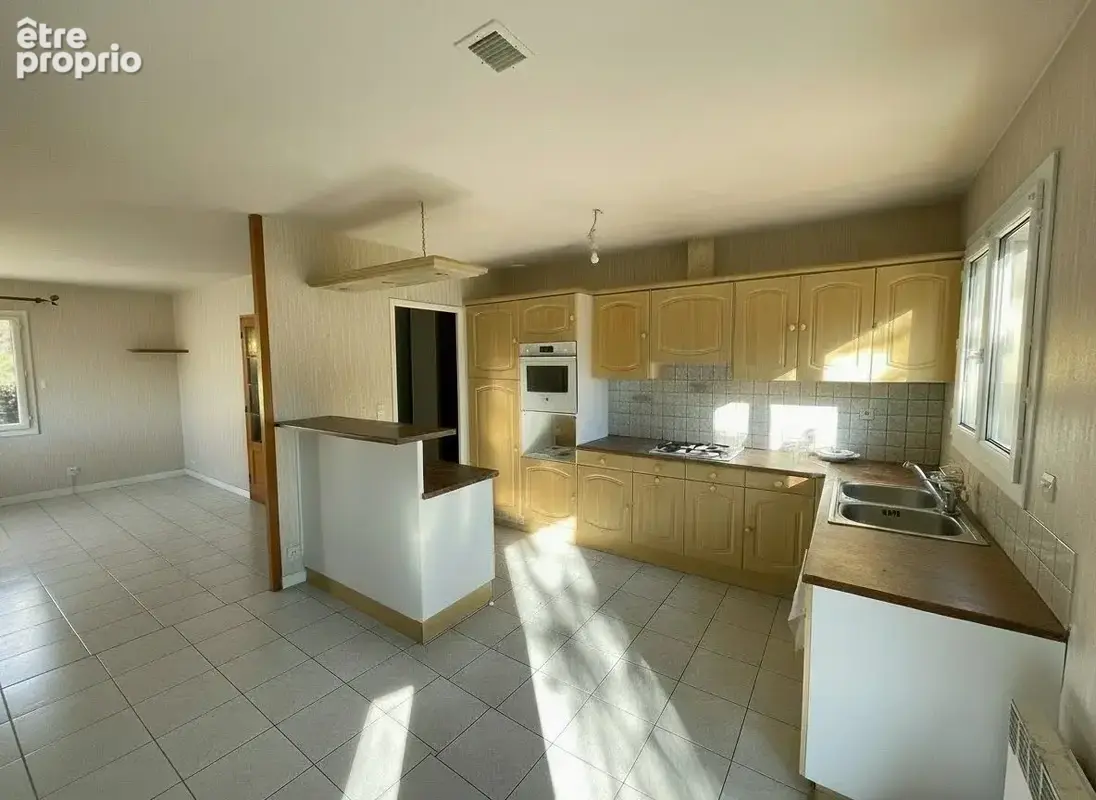 Maison 2 pièces 68 m² à vendre à Saint-Saturnin-Du-Bois (17700) - photo 6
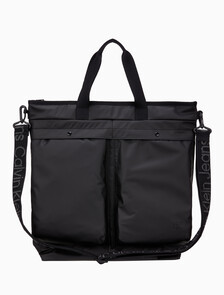 Buy 남성 CKJ 울트라라이트 러버라이즈드 헬멧 쇼퍼백 in color BLACK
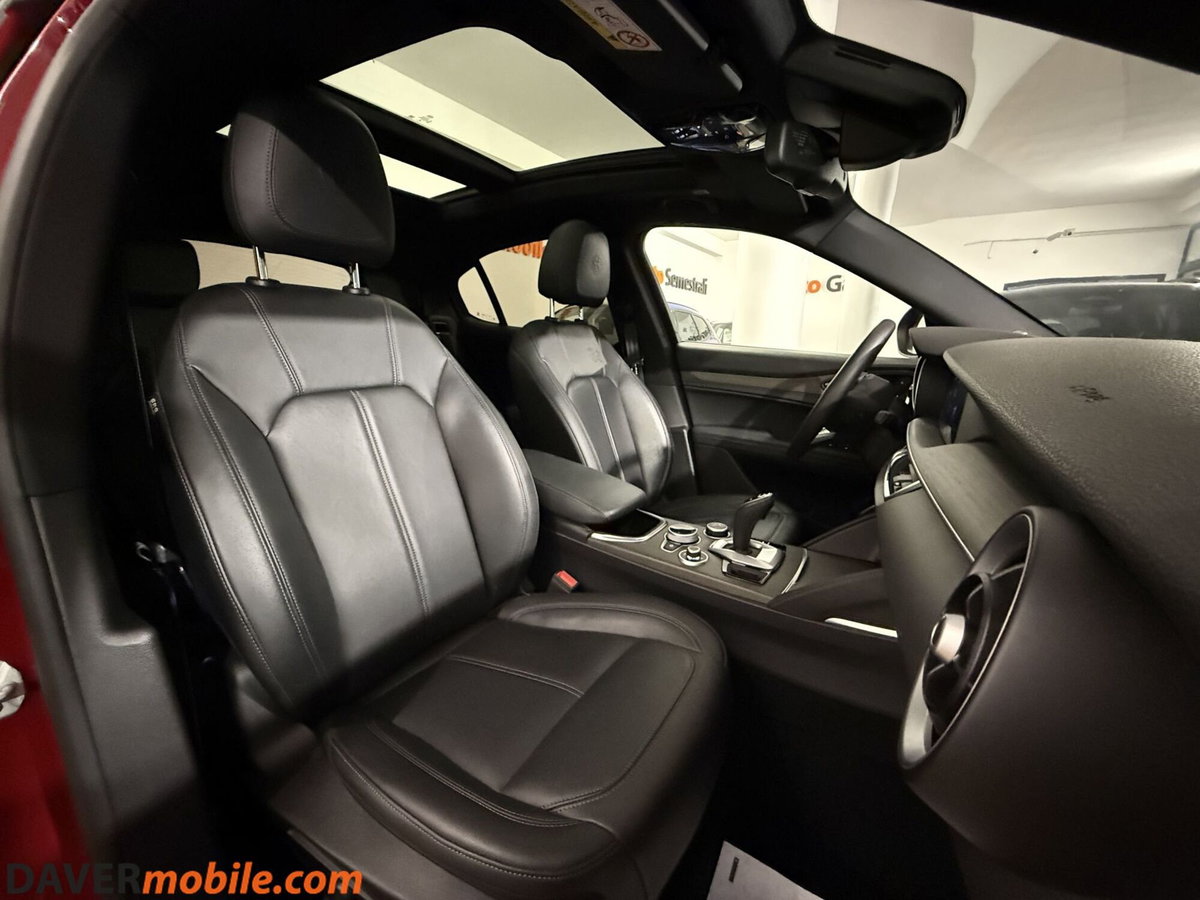 Alfa Romeo Stelvio Stelvio 2.2 Turbodiesel 210 CV AT8 Q4 Veloce Tì (14)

# EXERCISE INSTRUCTIONS:
Restating the data word for word is the task, and pictures are to be omitted.

# RESULT BELOW:
 Maison 2 pièces 68 m² à vendre à Saint-Saturnin-Du-Bois (17700) - photo 6
 Buy 남성 CKJ 울트라라이트 러버라이즈드 헬멧 쇼퍼백 in color BLACK
 Alfa Romeo Stelvio Stelvio 2.2 Turbodiesel 210 CV AT8 Q4 Veloce Tì (14)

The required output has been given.